Epicuro nunca quiso gustar a nadie, consciente de la radicalidad de sus propuestas («jamás pretendí agradar a la muchedumbre», fr. 187 Usener), pues predicaba una autarquía ajena a lo que las convenciones sociales dictaban, porque «quien presta atención a la naturaleza y no a las vanas opiniones es autosuficiente en cualquier circunstancia. Pues en relación a lo que por naturaleza es suficiente toda adquisición es riqueza, pero en relación a los deseos ilimitados la mayor riqueza es pobreza» (fr. 202 Us.). El control de los deseos y las opiniones comunes –de lo que creemos que es bueno para nosotros por presión social pero en verdad no lo es– lo hermana con otras escuelas helenísticas, como estoicos y cínicos. También era común a ellas su rechazo por las convenciones educativas, aparte de las sociales: Epicuro creía que la educación de su tiempo andaba totalmente errada, porque no tendía a la finalidad natural del ser humano, que es una serena felicidad en el placer. Buscaba, por tanto, una aproximación alternativa a la cultura.
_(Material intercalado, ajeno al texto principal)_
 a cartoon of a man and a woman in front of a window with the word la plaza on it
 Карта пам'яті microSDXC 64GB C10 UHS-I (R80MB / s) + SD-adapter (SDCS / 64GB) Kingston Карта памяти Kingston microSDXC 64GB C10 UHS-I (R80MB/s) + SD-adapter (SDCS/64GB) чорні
Pero quiero llamar la atención sobre uno de los más felices y últimos epígonos que leyeron su magna obra –escribió muchísimo, cerca de 400 rollos de papiro–, antes de que la mala suerte proverbial de esta escuela y sus propuestas (quizá algo escandalosas para los biempensantes de su tiempo) provocaran la destrucción de casi toda su obra, salvo una decena de páginas. Su materialismo, su defensa del placer y su posición contraria a la religión le hicieron muy mal visto por las autoridades grecorromanas, influidas por platónicos y estoicos, y luego por las cristianas. Dos ejemplos de asertos sobre el placer (me temo que sacados de contexto y sin comentario por razón de espacio): «escupo sobre lo bello moral y sobre los que vanamente lo admiran cuando no produce ningún placer» (fr. 512 Us.), «debemos apreciar lo bello, las virtudes y las cosas por el estilo si producen placer; pero, si no, mandarlas a paseo» (fr. 70 Us.).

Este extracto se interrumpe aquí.